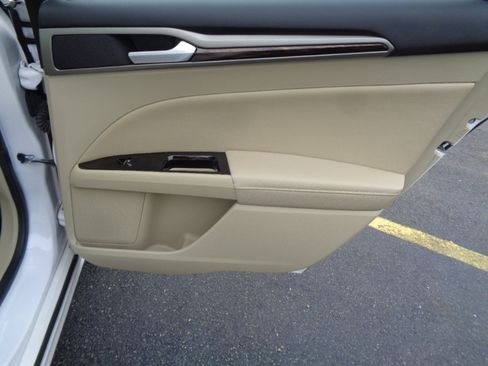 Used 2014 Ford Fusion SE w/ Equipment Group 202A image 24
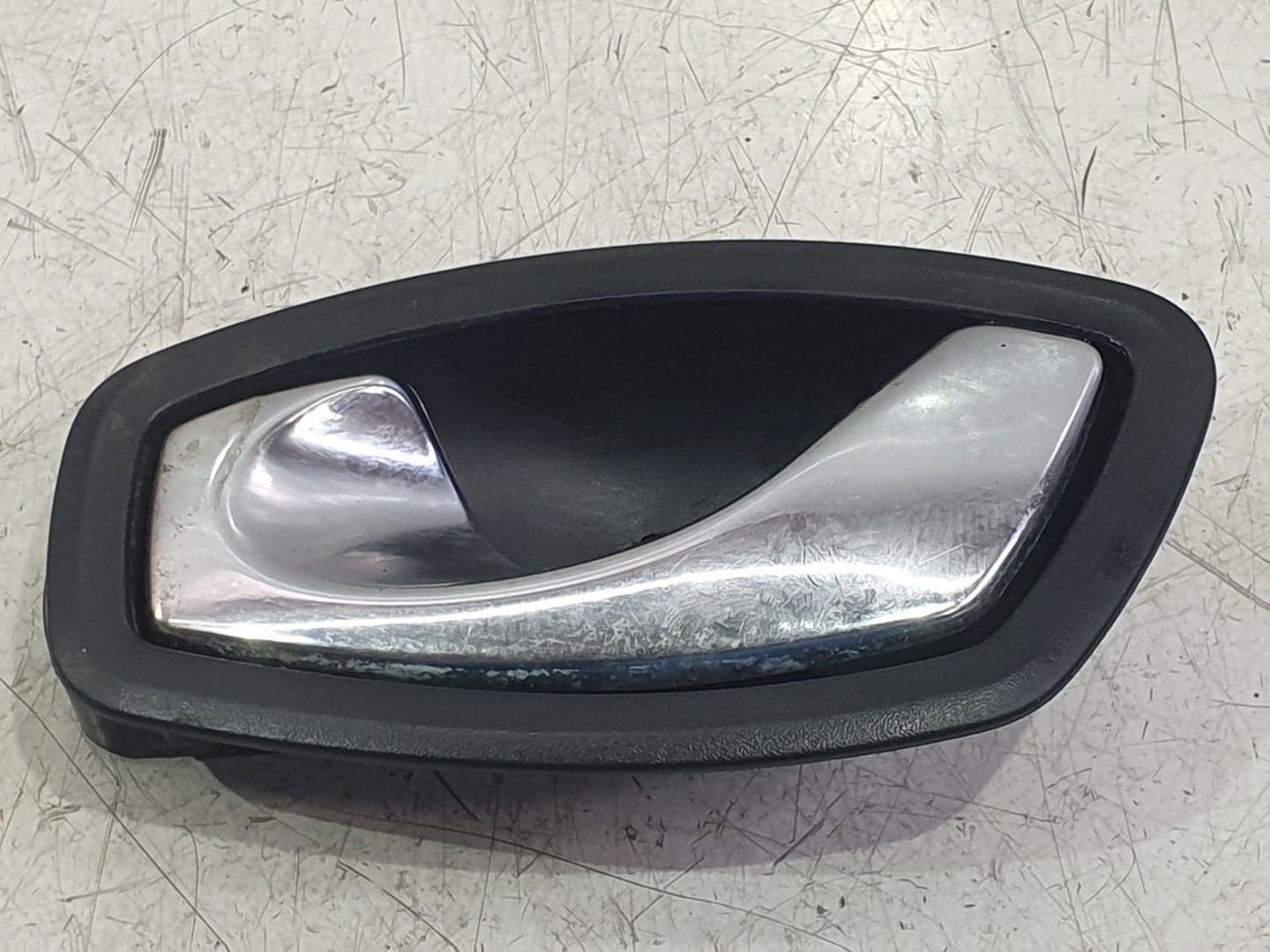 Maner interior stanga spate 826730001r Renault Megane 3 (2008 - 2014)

§ §

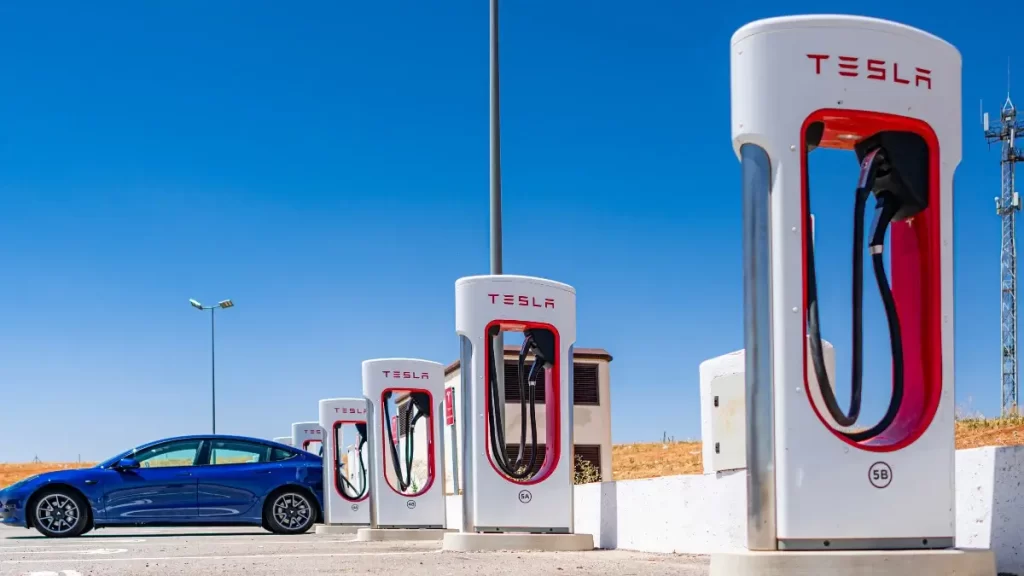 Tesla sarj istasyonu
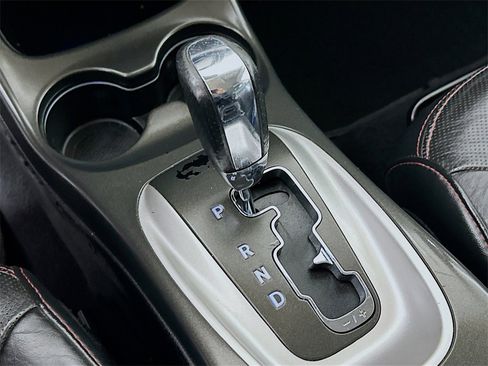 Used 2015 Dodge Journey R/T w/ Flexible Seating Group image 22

§ §

_Exercise objective_:
Reproduce, exactly and only, the lines of the records above starting at the line with "Used 2014 Ford" and ending at the line with "Maner interior stanga", both included. Leave every picture out.

_Exercise solution_:
 Used 2014 Ford Fusion SE w/ Equipment Group 202A image 24
 Maner interior stanga spate 826730001r Renault Megane 3 (2008 - 2014)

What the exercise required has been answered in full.